Was steht auf der Habenseite nach diesem ersten TV-Duell? Mit Sicherheit die Klarheit, was Merz und Scholz wollen. Das konnten sie, auch mit Unterstützung von Maischberger und Illner klarmachen – aller Komplexität auf der einen und Vereinfachung auf der anderen Seite zum Trotz. Die Rollen sind dabei mitunter vertauscht, Scholz ist im Angriffsmodus, attackiert seinen Kontrahenten, Merz wiederum versucht, den Umfragevorsprung im Rücken, einfach keinen Fehler zu machen.

Gleichzeitig ließen Merz wie Scholz auch Gemeinsamkeiten erkennen. So wiederholt Scholz seinen Wunsch, die Schuldenbremse zu reformieren und Merz zeigt hier Entgegenkommen, auch wenn dies nicht auf Platz eins seiner Agenda stehe. Über einen Bundestag ohne die FDP sagt Merz "Ärmer, aber durchaus lebensfähig" und Scholz pflichtet ihm da ohne Abstriche bei.

Das mag man als politische Schnittmenge wahrnehmen oder auch nur als Eingeständnis, dass man ja auch in einer gar nicht mal so unmöglich erscheinenden Koalition zusammenarbeiten muss. Dementsprechend war der Ton zwar mitunter rau, aber nie so rau, als dass man sich in einer gemeinsamen Regierung nicht mehr in die Augen schauen könnte.

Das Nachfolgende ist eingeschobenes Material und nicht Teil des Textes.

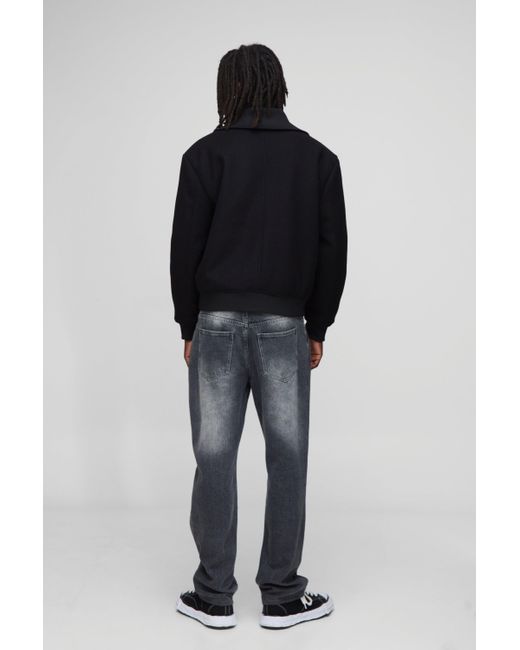 Boohoo Black Regular Fit Knitted Collar Zip Up Wool Look Bomber Jacket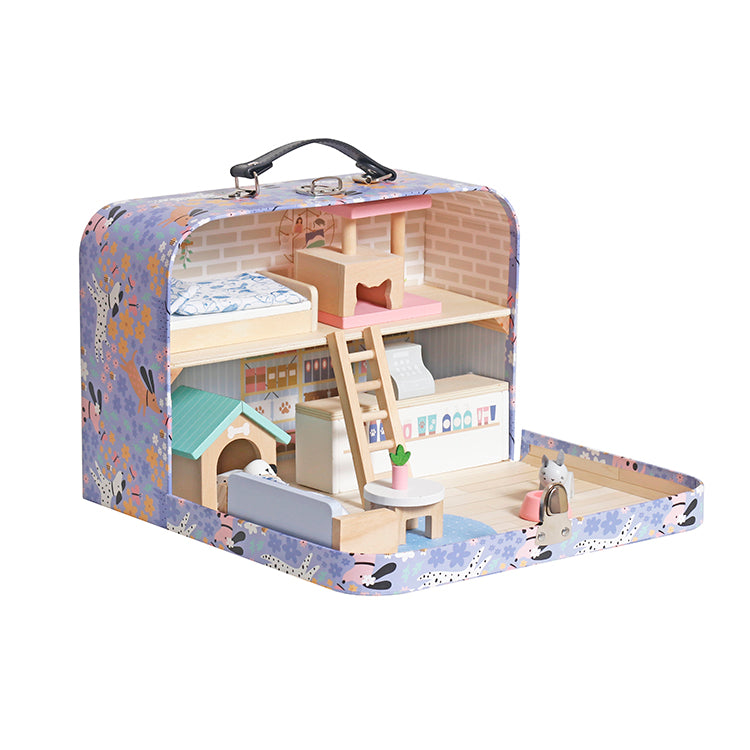 Wholesale Kids Wooden Pet House Play Set in Carry Case, Pretend Play Dollhouse, OEM Available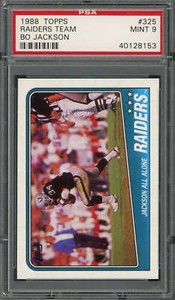 Bo Jackson LA Raiders 1988 Topps Rookie Card RC #325 Graded PSA 9 MINT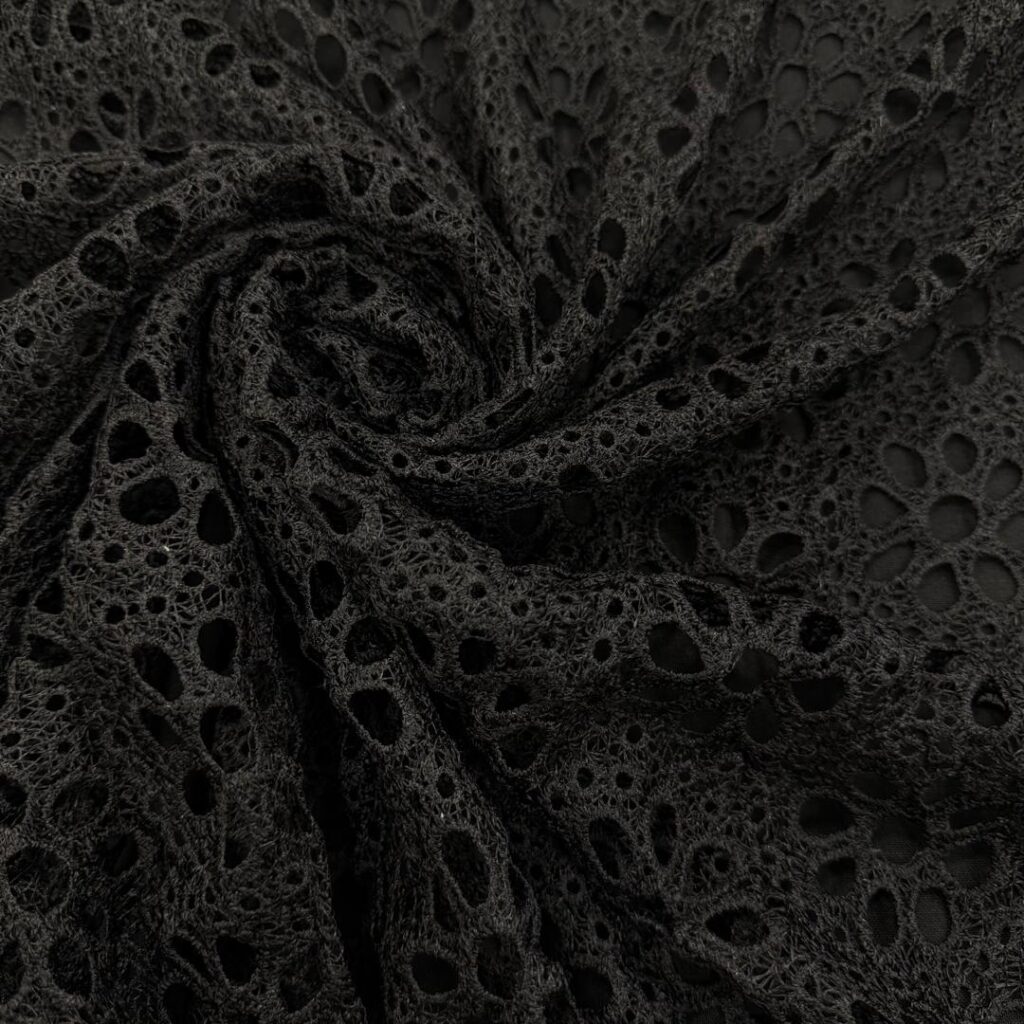 پارچه گیپور گل مشكي 173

Die Kandidaten haben ihre Sache also gut gemacht, eine Aussage, wer nun gewonnen hat und wer verloren, ist demnach schwierig. Weder war der Auftritt von Scholz so mitreißend, dass er damit den Vorsprung von Merz mit einem Schlag aufholen könnte, noch war er so schlecht, dass an der Kanzlerschaft der CDU nicht mehr zu rütteln wäre.

Der Verlierer des Abends

Einen Verlierer gab es dennoch an diesem Abend: die Menschlichkeit. Wem das ein zu hochtrabender Begriff ist, kann ihn durch Redlichkeit ersetzen. Warum? Zum einen durch das erwähnte Fehlen von Faktenchecks und einordnenden Einspielern. Dadurch operiert das TV-Duell nicht auf einer gemeinsamen Faktenbasis, die Basis bilden die Aussagen der Kandidaten und die Themensetzung der Moderatorinnen – mit erheblichen Folgen.

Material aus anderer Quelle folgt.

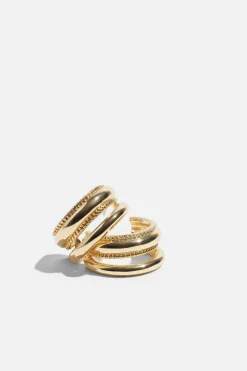 Earrings-Dynamite Double Textured Hoop Earrings YELLOW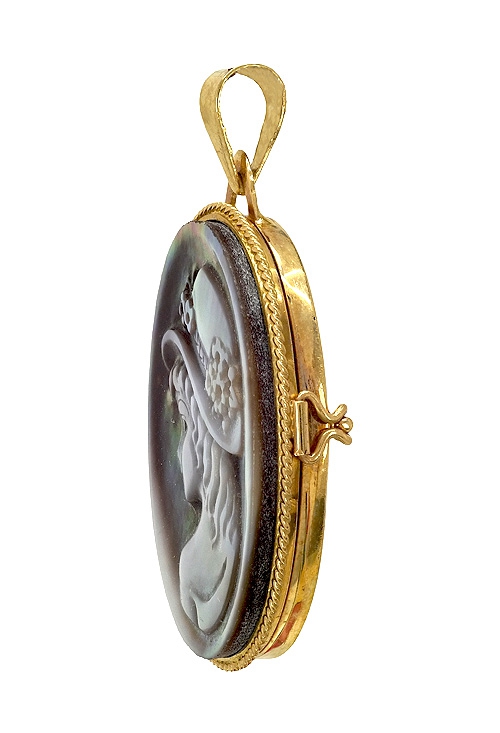 relicario oro amarillo 18k y nacar camafeo o portafotos 085_0112337 foto lateral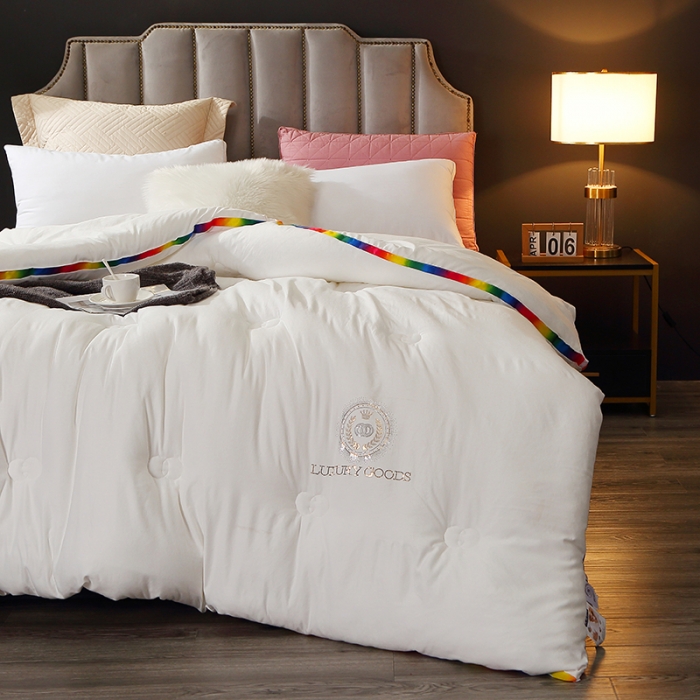 91家纺网 家纺一手货源 找家纺 （总）VIP被业 2021新款彩虹大豆被冬被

Denn so wird etwa beim Thema Migration gar nicht mehr über Ursachen, verschiedene Lösungen oder gar die Realität diskutiert, sondern nur noch darum, wer denn den härteren Kurs der Ab- und damit auch der Ausgrenzung fährt. Und so überschlägt sich Scholz in Rechtfertigungen, welche Verschärfungen er nicht alle bereits auf den Weg gebracht hat, während Merz ein "zu viel" an das andere reiht. Dass Maischberger und Illner hier gar nicht mehr fragen, welche Zahl denn nicht "zu viel" wäre, passt ins Bild.

Merz muss gar keine Zahl nennen, er muss nicht erklären, ob 10.000 Asylsuchende okay wären, 1.000 oder auch nur fünf. Es reicht ein "zu viel", eine Begründung wird nicht verlangt. Es geht nicht mehr um die Sache, um Grundsätzliches oder Lösungen, um die Menschen, die hinter dieser Verschärfungsspirale stehen, geht es erst recht nicht. Merz reicht einfach ein "zu viel". Menschlich klingt das nicht und genauso wenig menschlich klingt Merz, wenn er über Bürgergeld-Empfänger spricht oder Bedienstete im öffentlichen Sektor als "Einsparpotenzial" sieht.

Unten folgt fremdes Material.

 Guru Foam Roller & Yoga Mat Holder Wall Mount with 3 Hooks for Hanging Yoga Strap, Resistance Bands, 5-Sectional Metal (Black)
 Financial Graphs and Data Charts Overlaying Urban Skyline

Nein, Menschenfänger sind weder Scholz noch Merz, der eine klingt technokratisch, der andere kühl und unempathisch. Da passt es ins Bild, dass sich beide an diesem Abend im Detail verlieren. Weder Scholz noch Merz erzählen von ihren Visionen, die sie für Deutschland haben. Was für ein Land soll Deutschland sein, welche Zukunft stellen sich die beiden für die Menschen vor? Was ist ihre Erzählung für dieses Land? Komplette Fehlanzeige.

Das liegt aber auch daran, dass sie nicht danach gefragt werden. Stattdessen haben Maischberger und Illner die Themen Migration, Wirtschaft und Außenpolitik gesetzt. Warum? Zu den "wesentlichen Themen des Bundestagswahlkampfs" sollen Scholz und Merz diskutieren, heißt es in der Ankündigung des TV-Duells auf den Seiten der Öffentlich-Rechtlichen – ohne Begründung, warum ausgerechnet diese Themen die wesentlichen sein sollen und nicht etwa der Kampf gegen die Klimakrise.

Am Ende bleibt die Erkenntnis: Man weiß nun ein bisschen besser, wofür Scholz und Merz stehen. Doch egal, wer von beiden ins Kanzleramt einzieht, menschlicher wird es dort nicht.